Lea Alcantara: Dude. [Laughs]

Gina DeLapa: [Laughs]

Lea Alcantara: Nice.

Gina DeLapa: And it lines up. It’s like, “Dude, we got to talk about that project.”

Lea Alcantara: [Laughs]

Emily Lewis: [Laughs]

Gina DeLapa: Or like, “Dude, I need that report today.” But it softens it. It kind of kicks the person in the butt without tearing them down, which I realize is a total mix metaphor.

Emily Lewis: [Agrees]

Gina DeLapa: But yeah, it’s letting the other person preserve their dignity, and I’ll give you an example. I had an assistant once at a previous job who had some body odor.

Emily Lewis: [Agrees]

Gina DeLapa: And it wasn’t a one-time thing. It was ongoing, and it was very awkward. You’re sitting alone in a small room and it’s more apparent, and I didn’t tell her how to solve the problem, but I’m trying to think of how I’d phrase it. It was kind of like, “Well, before we get to X, Y, and Z,” like I had my next move kind of in place, so we had somewhere else to go quickly. I just said, “You know, I’ve noticed this issue come up and I just wanted to make you aware of it so that you could take care of it, and then move on,” and that was it.

Emily Lewis: [Agrees]

Gina DeLapa: It never had to be brought up again. But sometimes you have to bring up feedback to people that they don’t want to hear.

Emily Lewis: [Agrees]

Gina DeLapa: And sometimes they respond with a meltdown or insult.

Lea Alcantara: Yeah.

Emily Lewis: [Agrees]

Gina DeLapa: And you know what, you’ve got to just let them own that. That’s theirs. You don’t apologize. You don’t undo what you just said. It’s okay that you feel that way.

Emily Lewis: [Agrees]

Lea Alcantara: I think what resonated with me as you’re sharing these stories is that you approach constructive feedback by allowing the person to have dignity.

Gina DeLapa: Yeah.

Lea Alcantara: Like understanding you’re not there to tear anyone down, and I think this is the issue with, say, like unsolicited advice perhaps is that it’s just you feel entitled to your opinion.

Emily Lewis: [Agrees]

Gina DeLapa: [Agrees]

Lea Alcantara: But that doesn’t necessarily mean that’s constructive, and if you’d kind of lead with, “Does this enhancer dignify this person? Will this improve a situation?” I think that’s a good perspective to have.

Emily Lewis: [Agrees]

Gina DeLapa: Yeah. I also think you have to ask yourself who owns the problem, and maybe you own the problem and maybe you are feeling called to say something about it. Maybe somebody keeps repeating the same underhanded insult or something that’s like not just sitting well. You own the problem, but that does help frame how you approach. It might just be, okay, this person maybe has a laugh that’s annoying or something that rubs me the wrong way.

Emily Lewis: [Laughs]

Gina DeLapa: And it happens, but you realize, “Okay, well, that’s really my thing to deal with. I can’t tell that person how to live.”

Emily Lewis: [Agrees]

Gina DeLapa: Do you know what I am saying? You figure out, “Okay, is this a hill I need to die on?”
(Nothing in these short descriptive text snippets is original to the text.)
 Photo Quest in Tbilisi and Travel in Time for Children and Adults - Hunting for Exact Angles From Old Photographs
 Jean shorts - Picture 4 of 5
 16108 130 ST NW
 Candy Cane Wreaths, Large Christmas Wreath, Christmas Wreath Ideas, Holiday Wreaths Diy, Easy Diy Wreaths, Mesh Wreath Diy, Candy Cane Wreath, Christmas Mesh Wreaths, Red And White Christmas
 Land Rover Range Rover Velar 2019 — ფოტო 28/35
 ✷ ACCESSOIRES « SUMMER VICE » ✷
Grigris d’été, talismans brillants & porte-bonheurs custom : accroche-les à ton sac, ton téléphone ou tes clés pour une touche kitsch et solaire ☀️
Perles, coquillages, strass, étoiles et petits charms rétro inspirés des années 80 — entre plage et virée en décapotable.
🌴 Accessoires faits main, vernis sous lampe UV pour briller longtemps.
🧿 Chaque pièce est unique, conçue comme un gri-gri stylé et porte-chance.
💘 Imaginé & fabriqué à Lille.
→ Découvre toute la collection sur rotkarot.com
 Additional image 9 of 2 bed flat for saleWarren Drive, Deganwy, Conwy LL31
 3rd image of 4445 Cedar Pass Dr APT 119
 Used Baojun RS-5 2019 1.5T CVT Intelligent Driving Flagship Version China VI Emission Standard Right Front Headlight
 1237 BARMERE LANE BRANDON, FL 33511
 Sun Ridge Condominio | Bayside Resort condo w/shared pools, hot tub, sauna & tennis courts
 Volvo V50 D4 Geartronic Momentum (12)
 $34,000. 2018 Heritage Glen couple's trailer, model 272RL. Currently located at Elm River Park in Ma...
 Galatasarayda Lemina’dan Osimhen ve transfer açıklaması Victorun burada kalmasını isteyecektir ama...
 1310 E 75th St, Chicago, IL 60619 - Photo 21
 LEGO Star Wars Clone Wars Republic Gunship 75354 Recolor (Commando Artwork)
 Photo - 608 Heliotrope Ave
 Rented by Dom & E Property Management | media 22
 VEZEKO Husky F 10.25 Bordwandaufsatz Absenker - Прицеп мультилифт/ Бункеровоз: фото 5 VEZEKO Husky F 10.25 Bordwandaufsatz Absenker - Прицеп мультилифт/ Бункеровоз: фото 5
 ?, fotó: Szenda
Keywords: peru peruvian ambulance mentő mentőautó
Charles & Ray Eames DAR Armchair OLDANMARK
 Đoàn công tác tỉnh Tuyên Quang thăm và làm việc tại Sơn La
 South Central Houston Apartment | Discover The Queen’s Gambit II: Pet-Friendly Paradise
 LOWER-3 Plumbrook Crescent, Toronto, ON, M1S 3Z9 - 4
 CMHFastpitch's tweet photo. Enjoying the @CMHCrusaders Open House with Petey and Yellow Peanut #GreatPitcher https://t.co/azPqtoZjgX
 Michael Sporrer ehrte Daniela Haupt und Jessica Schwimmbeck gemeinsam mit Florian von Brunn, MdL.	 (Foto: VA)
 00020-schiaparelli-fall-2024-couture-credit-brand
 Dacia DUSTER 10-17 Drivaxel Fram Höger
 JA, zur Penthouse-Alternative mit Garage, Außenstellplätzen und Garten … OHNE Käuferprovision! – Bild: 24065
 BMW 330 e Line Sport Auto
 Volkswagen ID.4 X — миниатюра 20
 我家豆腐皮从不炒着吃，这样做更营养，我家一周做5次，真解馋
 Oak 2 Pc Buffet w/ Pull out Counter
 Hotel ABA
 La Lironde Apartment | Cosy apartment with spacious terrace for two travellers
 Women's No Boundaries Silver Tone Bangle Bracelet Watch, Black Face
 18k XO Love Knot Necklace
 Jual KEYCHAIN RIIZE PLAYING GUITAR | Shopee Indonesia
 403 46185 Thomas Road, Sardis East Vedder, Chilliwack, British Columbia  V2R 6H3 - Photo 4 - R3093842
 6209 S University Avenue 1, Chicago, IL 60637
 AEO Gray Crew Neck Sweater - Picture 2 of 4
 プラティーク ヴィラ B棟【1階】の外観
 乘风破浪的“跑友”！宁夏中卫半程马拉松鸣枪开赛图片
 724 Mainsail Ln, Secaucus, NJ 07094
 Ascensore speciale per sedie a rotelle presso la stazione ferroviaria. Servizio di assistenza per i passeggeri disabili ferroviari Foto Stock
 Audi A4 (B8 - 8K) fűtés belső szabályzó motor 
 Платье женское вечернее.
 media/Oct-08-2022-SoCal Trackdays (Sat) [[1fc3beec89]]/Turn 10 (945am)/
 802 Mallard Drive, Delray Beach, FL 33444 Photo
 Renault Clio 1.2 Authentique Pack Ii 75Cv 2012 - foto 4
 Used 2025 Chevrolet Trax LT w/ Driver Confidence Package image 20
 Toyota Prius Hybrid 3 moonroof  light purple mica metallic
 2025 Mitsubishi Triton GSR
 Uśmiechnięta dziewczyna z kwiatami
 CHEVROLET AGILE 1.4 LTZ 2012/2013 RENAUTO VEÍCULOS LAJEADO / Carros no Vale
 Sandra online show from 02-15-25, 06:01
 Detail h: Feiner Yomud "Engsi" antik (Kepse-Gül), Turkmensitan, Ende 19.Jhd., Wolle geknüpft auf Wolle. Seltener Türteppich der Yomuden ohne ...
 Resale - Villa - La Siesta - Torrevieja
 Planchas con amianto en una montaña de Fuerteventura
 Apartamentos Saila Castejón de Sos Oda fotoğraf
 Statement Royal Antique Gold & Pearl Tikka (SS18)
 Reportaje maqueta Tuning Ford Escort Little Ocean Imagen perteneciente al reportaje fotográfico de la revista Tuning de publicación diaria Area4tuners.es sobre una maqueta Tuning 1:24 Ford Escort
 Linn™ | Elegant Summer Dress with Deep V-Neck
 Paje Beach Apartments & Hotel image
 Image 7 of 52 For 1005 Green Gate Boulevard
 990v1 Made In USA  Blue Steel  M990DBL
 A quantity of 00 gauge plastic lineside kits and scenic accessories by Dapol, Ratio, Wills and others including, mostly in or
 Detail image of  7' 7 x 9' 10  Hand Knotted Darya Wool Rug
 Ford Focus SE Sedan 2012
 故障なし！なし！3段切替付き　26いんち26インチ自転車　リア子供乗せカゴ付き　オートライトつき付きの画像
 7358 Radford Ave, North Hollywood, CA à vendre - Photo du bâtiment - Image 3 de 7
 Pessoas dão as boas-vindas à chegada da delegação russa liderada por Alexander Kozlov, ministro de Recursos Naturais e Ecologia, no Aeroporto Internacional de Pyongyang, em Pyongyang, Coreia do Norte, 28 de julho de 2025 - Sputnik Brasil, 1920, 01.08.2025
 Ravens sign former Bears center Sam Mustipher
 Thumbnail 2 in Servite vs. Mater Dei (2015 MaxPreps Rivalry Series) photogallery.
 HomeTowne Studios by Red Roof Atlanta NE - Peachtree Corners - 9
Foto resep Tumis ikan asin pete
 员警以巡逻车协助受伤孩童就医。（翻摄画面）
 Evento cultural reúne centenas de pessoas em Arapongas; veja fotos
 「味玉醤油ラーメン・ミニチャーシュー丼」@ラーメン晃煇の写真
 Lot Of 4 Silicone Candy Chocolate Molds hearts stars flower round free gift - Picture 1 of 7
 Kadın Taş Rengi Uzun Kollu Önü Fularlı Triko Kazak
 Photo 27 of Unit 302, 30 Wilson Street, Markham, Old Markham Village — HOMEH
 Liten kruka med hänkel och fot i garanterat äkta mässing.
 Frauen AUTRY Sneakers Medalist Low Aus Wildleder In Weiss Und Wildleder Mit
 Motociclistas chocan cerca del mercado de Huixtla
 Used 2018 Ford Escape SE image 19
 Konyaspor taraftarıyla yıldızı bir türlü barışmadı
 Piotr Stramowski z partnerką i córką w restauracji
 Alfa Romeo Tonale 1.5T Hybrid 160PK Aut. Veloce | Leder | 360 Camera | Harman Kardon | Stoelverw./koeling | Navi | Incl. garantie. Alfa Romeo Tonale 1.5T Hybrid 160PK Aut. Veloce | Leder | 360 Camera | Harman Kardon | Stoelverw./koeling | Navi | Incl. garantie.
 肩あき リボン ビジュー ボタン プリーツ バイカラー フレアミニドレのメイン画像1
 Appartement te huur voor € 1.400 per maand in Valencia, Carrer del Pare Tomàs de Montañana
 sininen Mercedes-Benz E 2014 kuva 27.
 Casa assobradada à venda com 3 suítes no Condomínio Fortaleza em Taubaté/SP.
Lea Alcantara: Yeah, yeah.

Emily Lewis: [Agrees]

Gina DeLapa: Sometimes it is, but probably 80% of the time or more, it is not so you just let it go.

Emily Lewis: So I think that’s useful when you’re considering to give feedback that is going to possibly be perceived negatively, but how about when you’re the recipient? You’ve done something and someone has come to you with some negative feedback. I felt like in your book, this was something where the sort of boundaries came into play in the sense of if you have your boundaries and you know who you are and what you can own, that can help you receive negative feedback in a more non-personal way or it’s not challenging your worth. You can separate it from your sense of self.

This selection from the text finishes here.